Word for word, repeat the records, leaving every picture behind.

[Opening Data in this exercise section]

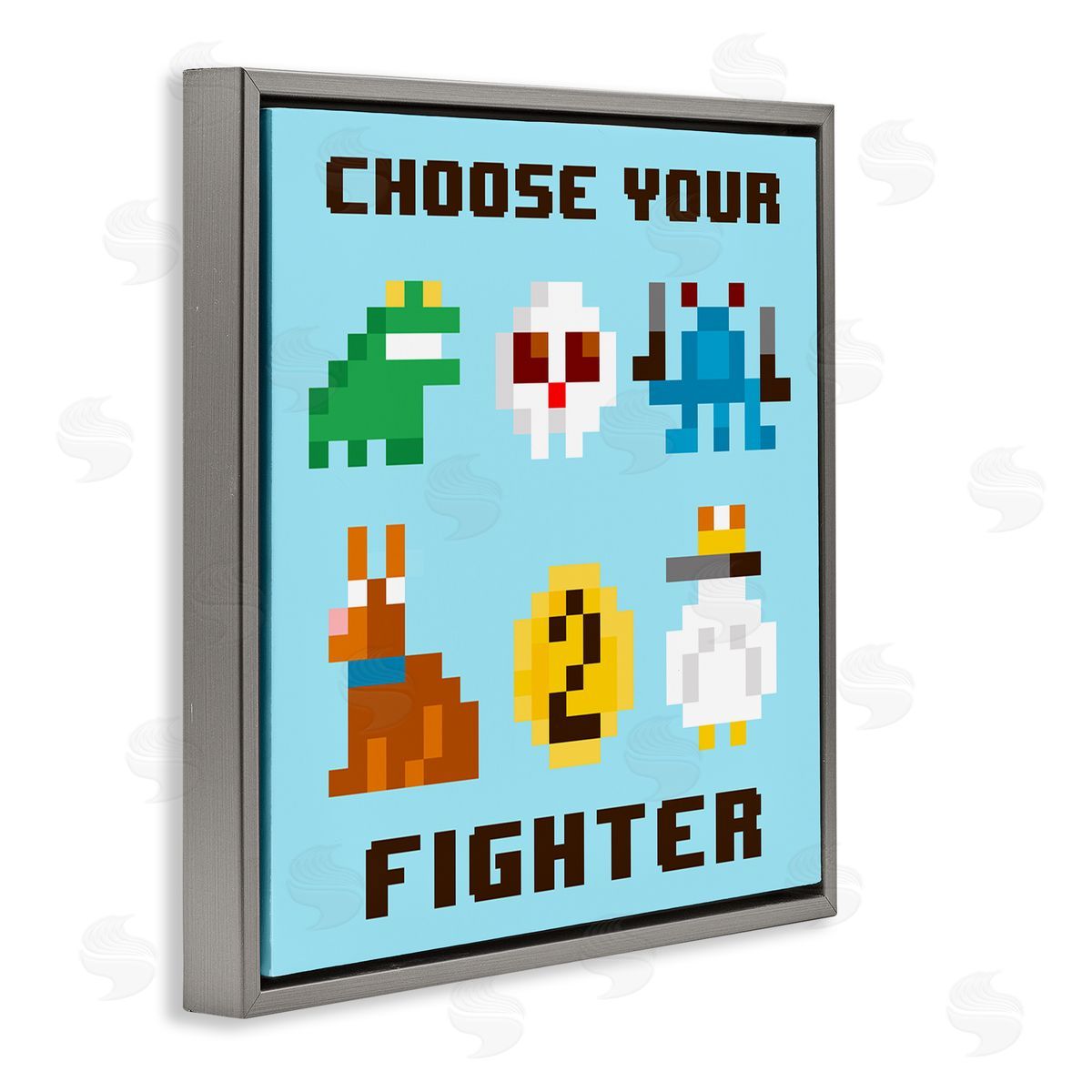 June Erica Vess Choose Gaming Fighter Gray Floating Frame Canvas Wall Art Print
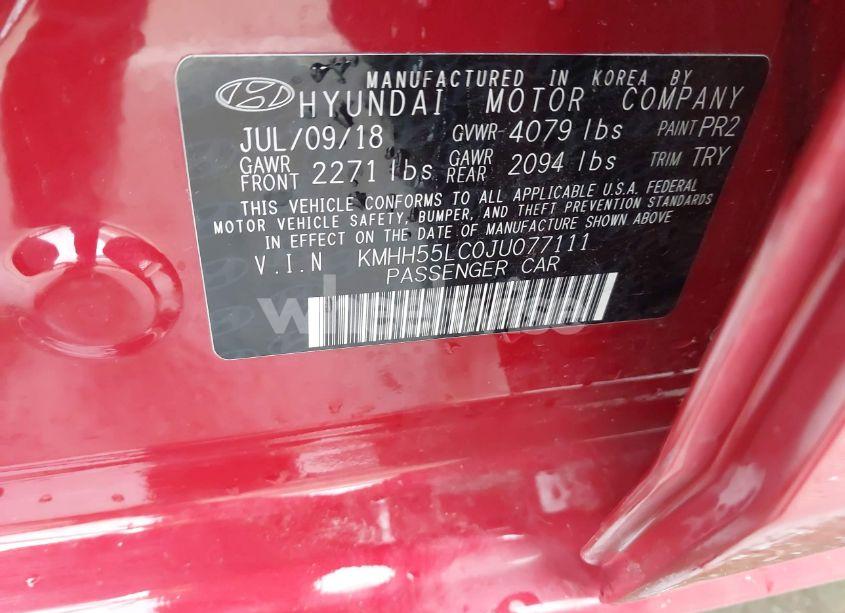 Photo 9 of 2018 Hyundai Elantra GT SPORT (VIN KMHH55LC0JU077111)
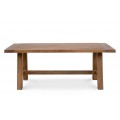 Luxusní venkovský obdélníkový jídelní stůl Shetland z masivního teakového dřeva v teplé hnědé barvě 200 cm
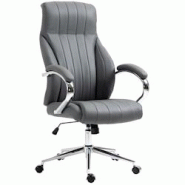 CLP Fauteuil de bureau Wigan en vèritable cuir ajustable et pivotant Gris - gris cuir 314912 CLP Fauteuil de bureau Wigan en vèritable cuir ajustable et pivotant Gris - gris cuir 314912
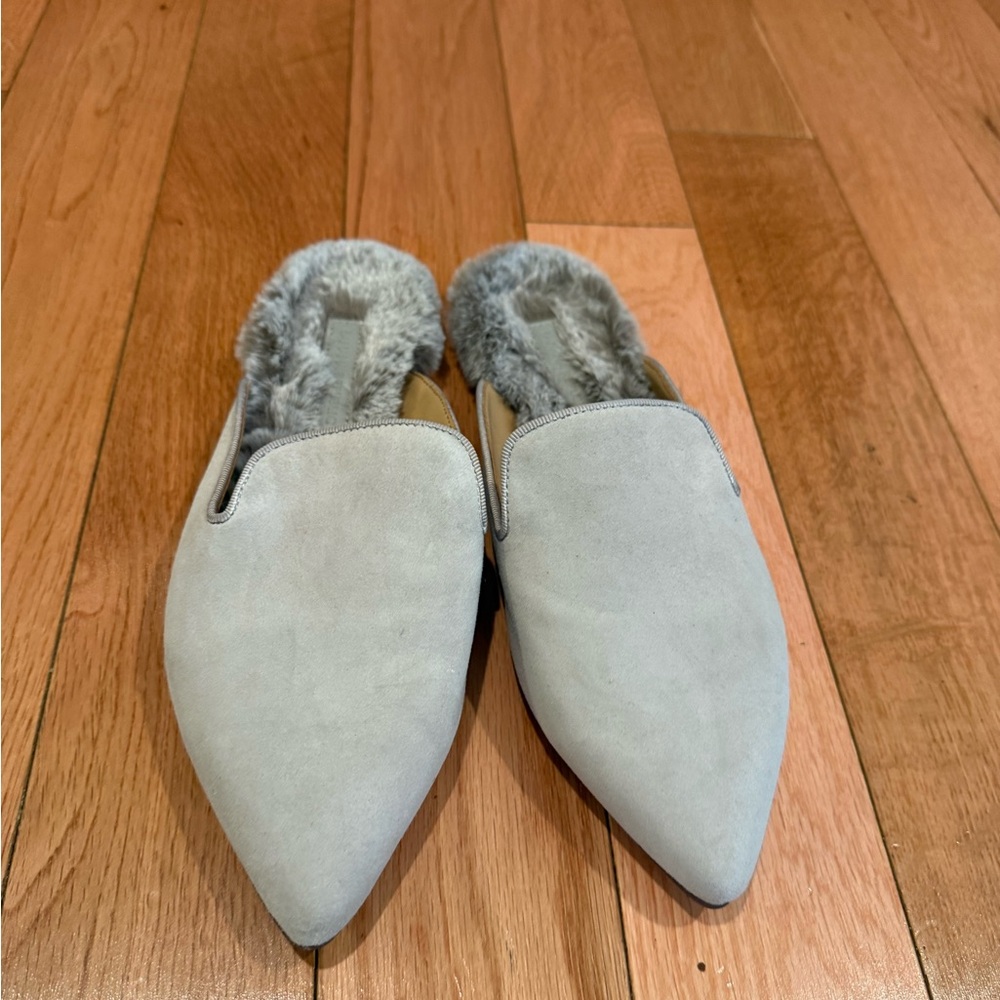 Banana Republic Light Gray Faux Fur Mules
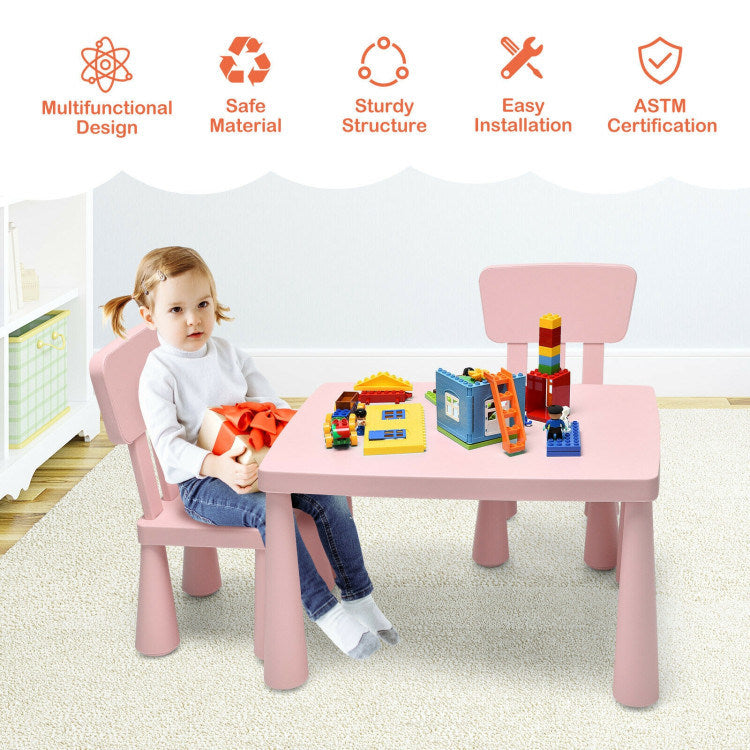 Table and Chair Multi Activity 3 Piece Set for Toddlers (4 Colors)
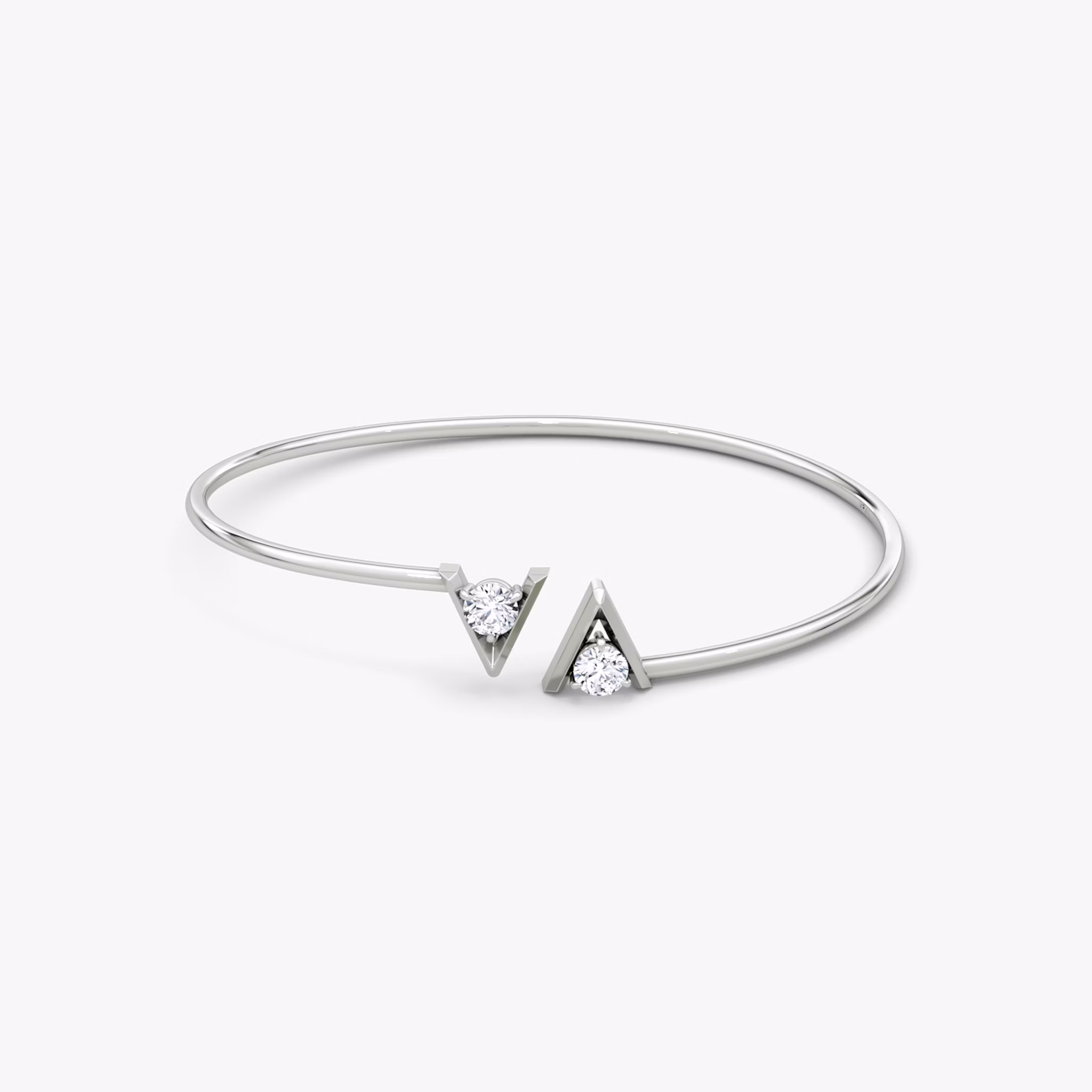 VRAI V Brazalete Flexible | Brillante | 14k | Oro blanco | size: Medium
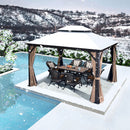 PURPLE LEAF Outdoor Hardtop Gazebo for Garden Bronze Double Roof Aluminum Frame Pavilion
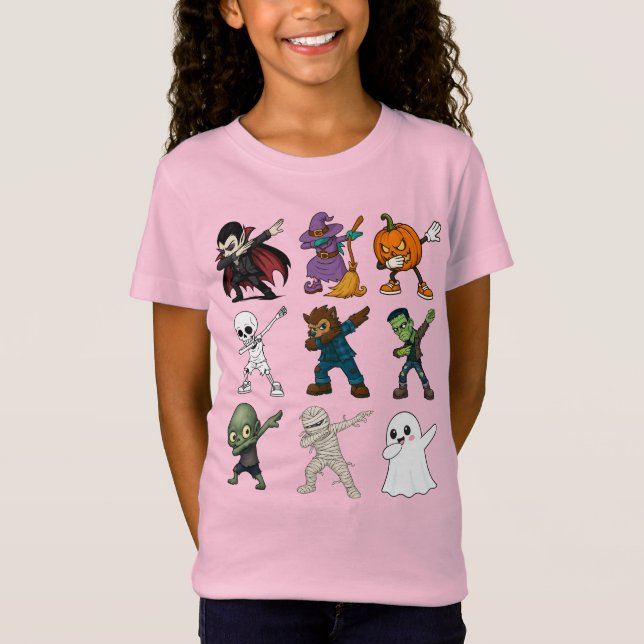 Funny Halloween Characters Dabbing T-Shirt (Front)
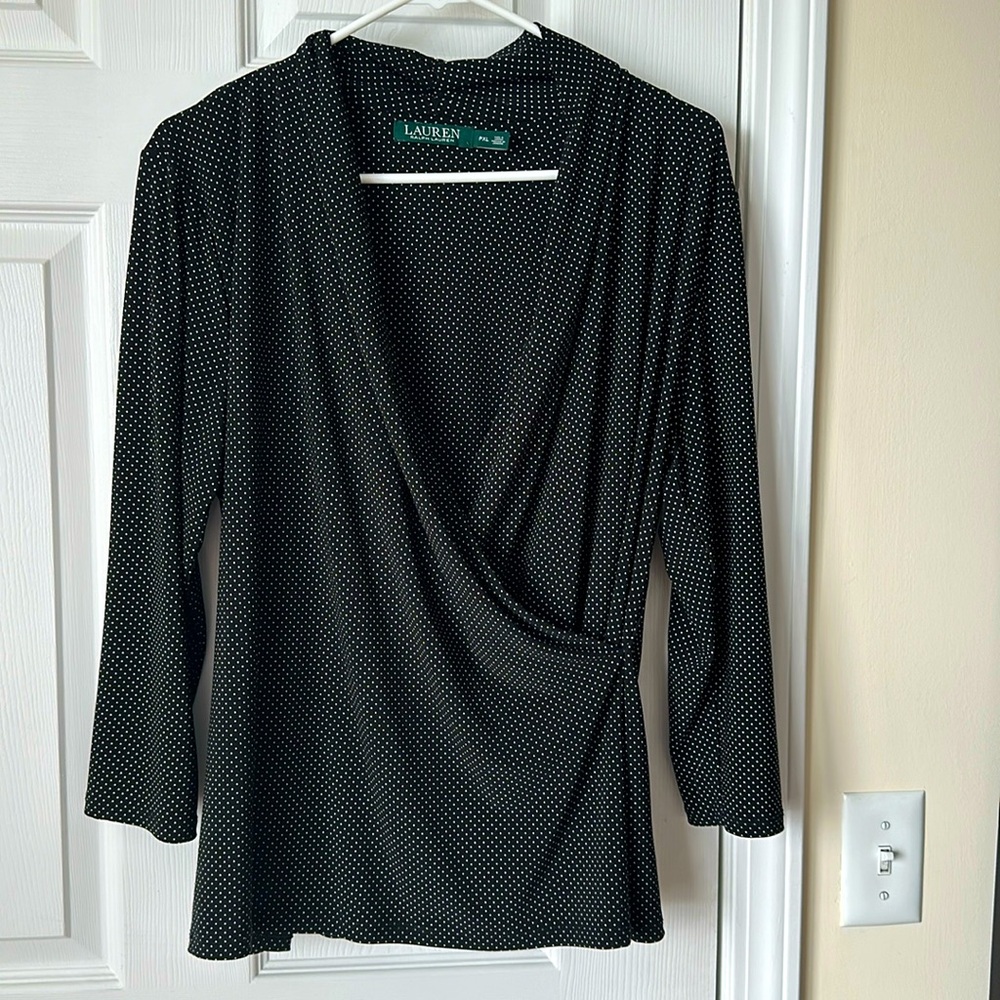 Lauren by Ralph Lauren cross over black/white pin dot top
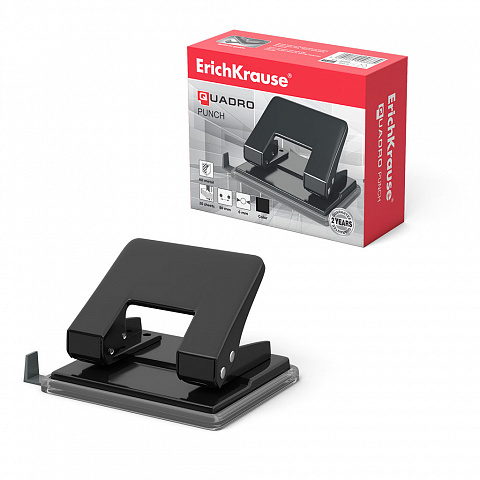 Дырокол на 20л ERICH KRAUSE Quadro с линейкой черный, арт. 4668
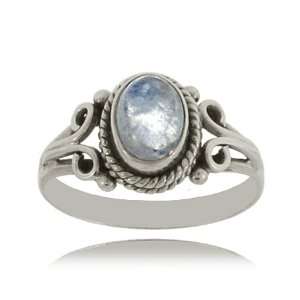 Moonstone Ring in Sterling Silver Rope & Scroll Design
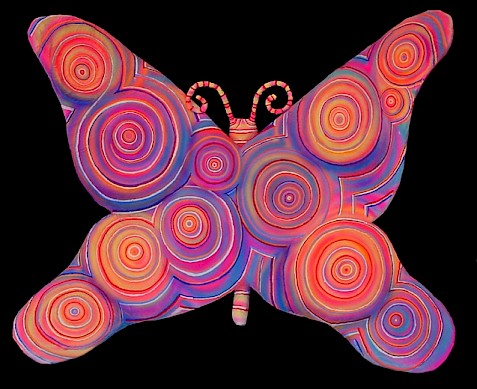 Große Schmetterlings-Plastik mit Ornamenten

[Closing Data in this exercise section]

Solved exercise –
 June Erica Vess Choose Gaming Fighter Gray Floating Frame Canvas Wall Art Print
 Photo 9 of 2018 Hyundai Elantra GT SPORT (VIN KMHH55LC0JU077111)
 Luxusní venkovský obdélníkový jídelní stůl Shetland z masivního teakového dřeva v teplé hnědé barvě 200 cm
 CLP Fauteuil de bureau Wigan en vèritable cuir ajustable et pivotant Gris - gris cuir 314912 CLP Fauteuil de bureau Wigan en vèritable cuir ajustable et pivotant Gris - gris cuir 314912
 Banana Republic Light Gray Faux Fur Mules
 Table and Chair Multi Activity 3 Piece Set for Toddlers (4 Colors)
 VRAI V Brazalete Flexible | Brillante | 14k | Oro blanco | size: Medium
 PURPLE LEAF Outdoor Hardtop Gazebo for Garden Bronze Double Roof Aluminum Frame Pavilion
 Funny Halloween Characters Dabbing T-Shirt (Front)
 Lauren by Ralph Lauren cross over black/white pin dot top
 Дырокол на 20л ERICH KRAUSE Quadro с линейкой черный, арт. 4668
 Moonstone Ring in Sterling Silver Rope & Scroll Design
 Große Schmetterlings-Plastik mit Ornamenten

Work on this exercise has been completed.